Faz cinco anos que o carioca Júlio Adrião percorre o Brasil e o Exterior com uma peça de Dario Fo que vira do avesso a epopéia do descobrimento das Américas. Em todas as praças o sucesso é arrebatador. Numa das apresentações chegou a ser chamado de punk por um entusiasmado adolescente. O curioso é que em A Descoberta das Américas não existe cenário, tampouco música ou vinhetas sonoras, desenho de luz ou troca de figurino. Nada do que se convencionou em uma montagem teatral.

Ele está literalmente sozinho em cena, mas nem parece. Isso porque o ator faz misérias usando seu corpo, voz, expressão e muita, mas muita, imaginação. Com naturalidade impressionante, interpreta índios e espanhóis, animais, Jesus e Madalena – o espectador tem a impressão de que está vendo tudo o que é sugerido. É uma performance tão arrebatadora que coleciona prêmios, aplausos efusivos do público e críticas favoráveis desde 2005, quando o espetáculo iniciou carreira e parece que, tão cedo, não irá se aposentar.

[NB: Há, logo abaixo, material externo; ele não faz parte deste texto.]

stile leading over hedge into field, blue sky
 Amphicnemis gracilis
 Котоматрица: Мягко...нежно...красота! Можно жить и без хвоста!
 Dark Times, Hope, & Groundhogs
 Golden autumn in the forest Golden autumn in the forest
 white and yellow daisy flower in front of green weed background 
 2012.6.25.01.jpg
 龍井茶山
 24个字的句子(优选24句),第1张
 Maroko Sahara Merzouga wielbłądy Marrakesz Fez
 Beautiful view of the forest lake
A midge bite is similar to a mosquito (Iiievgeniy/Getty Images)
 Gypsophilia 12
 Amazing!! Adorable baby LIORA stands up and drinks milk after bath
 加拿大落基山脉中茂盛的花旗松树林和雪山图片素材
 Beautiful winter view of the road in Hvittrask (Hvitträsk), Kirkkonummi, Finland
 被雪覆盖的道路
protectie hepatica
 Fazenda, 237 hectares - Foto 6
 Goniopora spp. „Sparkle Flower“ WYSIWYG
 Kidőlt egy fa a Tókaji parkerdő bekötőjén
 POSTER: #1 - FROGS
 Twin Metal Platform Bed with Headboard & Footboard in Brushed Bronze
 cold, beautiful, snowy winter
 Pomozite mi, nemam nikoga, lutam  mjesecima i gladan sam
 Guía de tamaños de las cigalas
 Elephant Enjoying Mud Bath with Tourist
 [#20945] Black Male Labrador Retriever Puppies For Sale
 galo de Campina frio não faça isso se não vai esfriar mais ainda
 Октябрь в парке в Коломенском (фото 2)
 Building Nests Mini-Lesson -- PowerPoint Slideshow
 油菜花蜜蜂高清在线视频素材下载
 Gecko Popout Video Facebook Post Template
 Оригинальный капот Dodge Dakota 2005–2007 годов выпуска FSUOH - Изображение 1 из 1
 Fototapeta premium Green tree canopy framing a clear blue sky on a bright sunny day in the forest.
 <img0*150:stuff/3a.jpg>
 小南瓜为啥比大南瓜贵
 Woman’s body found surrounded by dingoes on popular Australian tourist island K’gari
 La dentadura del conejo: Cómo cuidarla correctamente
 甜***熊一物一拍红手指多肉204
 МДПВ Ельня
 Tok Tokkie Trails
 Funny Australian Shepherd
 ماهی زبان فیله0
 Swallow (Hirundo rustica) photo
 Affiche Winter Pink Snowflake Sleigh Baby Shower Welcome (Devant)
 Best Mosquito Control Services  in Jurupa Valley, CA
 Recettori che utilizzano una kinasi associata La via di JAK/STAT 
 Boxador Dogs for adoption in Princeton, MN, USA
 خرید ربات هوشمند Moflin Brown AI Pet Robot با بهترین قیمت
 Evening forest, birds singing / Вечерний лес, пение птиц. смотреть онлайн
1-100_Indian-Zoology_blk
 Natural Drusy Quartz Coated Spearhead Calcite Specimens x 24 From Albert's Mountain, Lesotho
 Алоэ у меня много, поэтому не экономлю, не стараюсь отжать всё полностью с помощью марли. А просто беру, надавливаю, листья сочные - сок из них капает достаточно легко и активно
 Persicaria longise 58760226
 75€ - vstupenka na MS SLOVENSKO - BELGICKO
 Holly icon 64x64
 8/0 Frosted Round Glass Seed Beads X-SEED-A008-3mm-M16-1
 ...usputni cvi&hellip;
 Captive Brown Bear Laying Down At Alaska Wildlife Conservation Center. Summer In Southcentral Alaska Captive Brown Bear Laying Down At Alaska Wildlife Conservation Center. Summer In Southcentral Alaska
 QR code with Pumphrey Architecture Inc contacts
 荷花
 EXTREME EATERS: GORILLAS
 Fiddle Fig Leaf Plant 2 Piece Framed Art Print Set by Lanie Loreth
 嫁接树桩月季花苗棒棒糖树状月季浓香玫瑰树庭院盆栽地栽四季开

Nem deveria. O texto do dramaturgo italiano Dario Fo, escrito em 1992 para comemorar meio milênio do descobrimento do Novo Mundo, é uma versão transgressiva e transgressora das viagens de Cristóvão Colombo, que expõe as entranhas da formação da nossa identidade. Não há como não se seduzir pelas histórias mirabolantes que o ator vai desembrulhando no palco, como se fosse um contador de causos e histórias, na pele do malandro Johan Padan que embarca por engano em uma das caravelas do navegador e explorador europeu. Nas Américas, o anti-herói é escravizado por índios canibais, safa-se da morte certa fazendo milagres, vira líder venerado, forma um exército indígena e acaba caçando os espanhóis invasores.   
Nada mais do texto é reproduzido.